Già, perché il punto è proprio questo: Trump è stato eletto e a meno di non dare agli Stati Uniti un precedente pericoloso non è proprio possibile fare nulla.

L’annuncio dell’indagine è stato fatto dal leader repubblicano in Senato, Mitch McConnell, che dopo il torpore della campagna elettorale durante cui non ha voluto commentare in alcun modo quanto avveniva nel Paese e nel suo partito, ha smesso di mordersi la lingua e ha confermato che una qualunque violazione informatica straniera è un affronto e un fatto molto inquietante.

Citazione d’eccellenza quella dei dieci membri del Collegio che nella lettera inviata al direttore della National Intelligence James Clapper citano i Federalist Papers del 1787 e sottolineano come il loro ruolo implichi la prevenzione di atti di intromissione straniera sulla politica interna degli USA.
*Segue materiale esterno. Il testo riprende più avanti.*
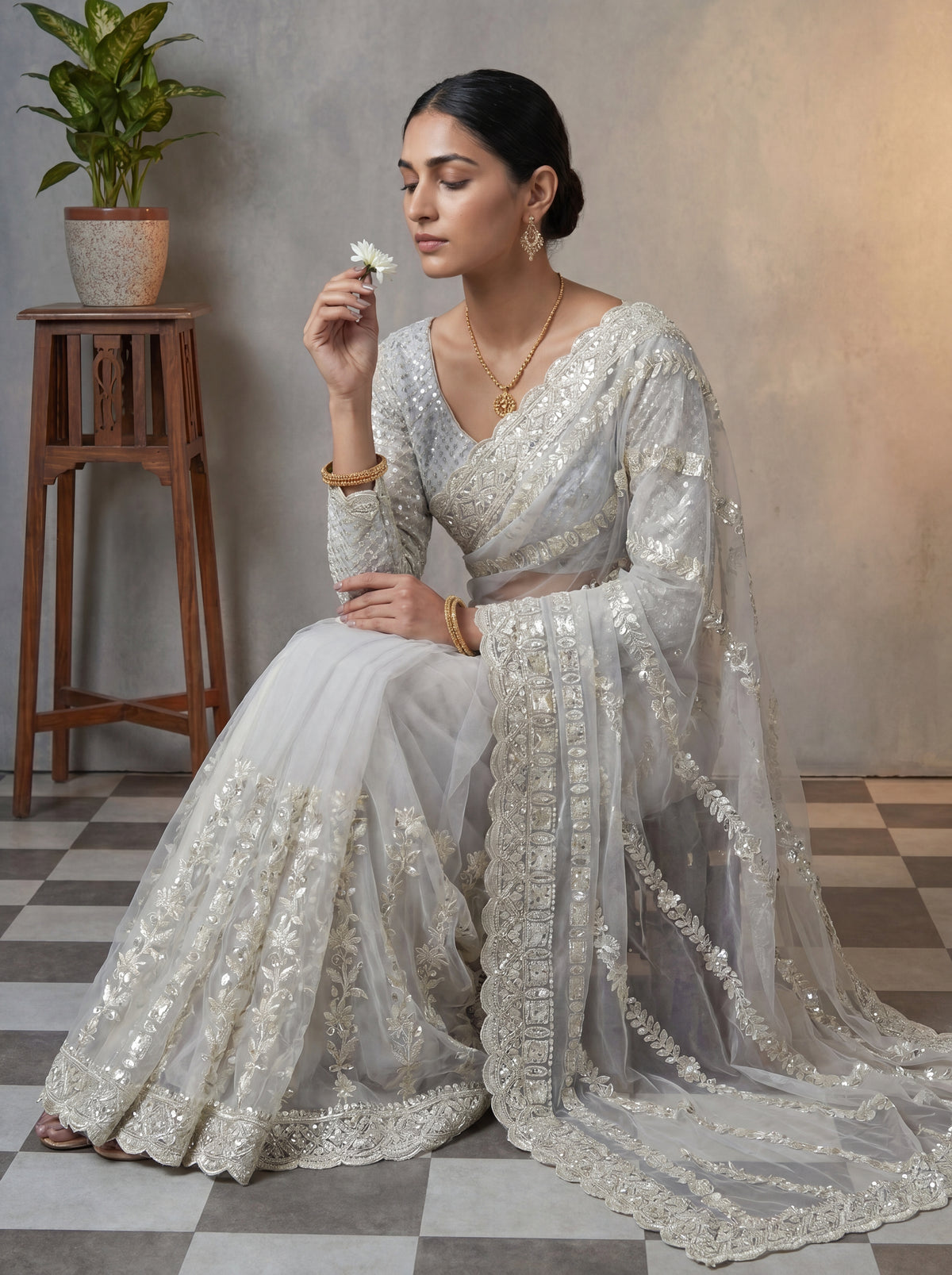 Designer Lavender Embroidered Saree with Detailed Handwork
La mossa dei cosiddetti dieci Hamilton electors non arriva comunque inaspettata, ma è soltanto l’ultima iniziativa del Collegio elettorale per non deliberare a favore di Trump in un loro ideale di vegliare sulla giustizia della nazione e fermare l’azione di un demagogo o di un candidato eticamente e diplomaticamente inadatto alla presidenza, sentimento che non conosce bandiera e sta riunendo figure politiche importanti in entrambi i due schieramenti americani.

McConnel ha infatti accolto la richiesta di un gruppo misto di senatori democratici e repubblicani, tra cui figurano nomi celebri come John McCain e Lindsay Graham, affidando alle commissioni Intelligence e alle Forze Armate del Senato l’incarico di portare avanti l’indagine.

Importante intervento del repubblicano Paul Ryan che alla Camera si dice disgustato dalla possibile intromissione russa con le dinamiche politiche americane, ricordando quanto Putin si sia sempre dimostrato un aggressore più che un leader democratico e diplomatico.

In tutta risposta Trump sceglie il Segretario di Stato in una nomina quanto mai inappropriata come quella di Rex Tillerson, amministratore delegato di ExxonMobil celebre per la sua presenza nella dacia di Putin a seguito della firma di un contratto che consentirebbe alla Exxon di accedere a interessanti riserve di petrolio nell’Artico russo in cambio della possibilità per la compagnia di stato russa Rosneft è di comprare partecipazioni nei progetti in terra americana di Exxon.

Dulcis in fundo Tillerson ha anche ricevuto un’alta onoreficenza dallo stesso Putin. L’entourage di Trump non tarda a rispondere e inizia subito con il mettere in discussione il rapporto della CIA: “Sono gli stessi che dicevano che Saddam aveva armi di distruzione di massa, non sono affidabili”. Lo stesso Donald ha definito ridicole queste congetture in un’intervista a Fox News e la sua storica advisor Kellyanne Conway dichiara che è solo un capro espiatorio per giustificare l’amara sconfitta di Hillary Clinton.